You don't have to be invited to know that Anna Wintour's Manhattan townhouse, which backs on to an exclusive garden oasis in the heart of Greenwich Village, must be swish. Try to drop by next Wednesday and you will find Barack Obama among her guests at a $30,000-a-plate fundraising reception.
But Ms Wintour, 60, who has famously terrorised the fashion world since taking over American Vogue 22 years ago, is suddenly in fear for the value and sanctity of her address. The wraps are about to come off a new Jamaican restaurant nearby. She would very much prefer that they didn't.
Campaigns by neighbours to snuff out new bars and eateries at birth or, more often, to kill them when they are already noisily open, erupt in New York all the time. But only when they involve the likes of Ms Wintour, with her perennial pageboy hair cut and icy glare, do they give sport to the headline writers.

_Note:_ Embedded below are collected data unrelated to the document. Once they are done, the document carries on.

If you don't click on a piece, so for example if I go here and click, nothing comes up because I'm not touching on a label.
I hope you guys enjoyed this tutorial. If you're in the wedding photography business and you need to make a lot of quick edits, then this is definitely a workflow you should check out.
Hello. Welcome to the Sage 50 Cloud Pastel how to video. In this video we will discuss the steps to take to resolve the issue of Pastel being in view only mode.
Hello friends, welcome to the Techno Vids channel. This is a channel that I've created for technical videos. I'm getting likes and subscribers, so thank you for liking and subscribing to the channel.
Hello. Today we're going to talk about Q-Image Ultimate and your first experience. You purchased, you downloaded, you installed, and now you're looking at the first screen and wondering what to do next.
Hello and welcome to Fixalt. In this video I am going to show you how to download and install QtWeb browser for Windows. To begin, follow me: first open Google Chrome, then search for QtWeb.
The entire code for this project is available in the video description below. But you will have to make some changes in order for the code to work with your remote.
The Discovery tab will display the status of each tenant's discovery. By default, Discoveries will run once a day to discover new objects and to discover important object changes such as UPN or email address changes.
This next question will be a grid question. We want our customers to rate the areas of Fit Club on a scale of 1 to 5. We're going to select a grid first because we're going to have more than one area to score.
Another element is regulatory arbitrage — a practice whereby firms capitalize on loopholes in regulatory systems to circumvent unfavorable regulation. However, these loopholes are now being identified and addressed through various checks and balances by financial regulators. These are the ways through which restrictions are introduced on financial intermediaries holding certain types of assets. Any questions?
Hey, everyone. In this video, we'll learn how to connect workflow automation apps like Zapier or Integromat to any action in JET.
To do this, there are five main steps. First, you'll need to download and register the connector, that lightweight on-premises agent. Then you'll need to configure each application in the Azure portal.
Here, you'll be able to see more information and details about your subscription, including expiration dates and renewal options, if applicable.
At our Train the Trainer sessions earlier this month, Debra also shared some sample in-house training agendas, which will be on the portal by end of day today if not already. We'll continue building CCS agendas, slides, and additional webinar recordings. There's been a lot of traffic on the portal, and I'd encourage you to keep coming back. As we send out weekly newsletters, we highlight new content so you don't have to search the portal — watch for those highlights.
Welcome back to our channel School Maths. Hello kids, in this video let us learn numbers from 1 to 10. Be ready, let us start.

Last month, Ms Wintour strode into a meeting of her neighbourhood's community board to denounce the new joint, to be called Miss Lily's, the second floor of which would look over her precious gardens. "I am completely concerned," she intoned. "This is a unique historic neighbourhood."
In the other corner is Serge Becker. No small fry himself, at least in the Manhattan nightlife industry, and the principal backer of the proposed new restaurant, he is not exactly quivering. "Anna is the protector of community?" he fired back this week. "It's just the funniest thing I've ever heard."
Ms Wintour has her detractors. This month saw the launch by designer Leon Verres of a series of T-shirts with short expletives attached to "Vogue" and to her first name. (He doesn't seem to like it that she is so influential.) But her powers of persuasion won the night with the community board. She was backed up by her 24-year-old son, Charlie, who also came along.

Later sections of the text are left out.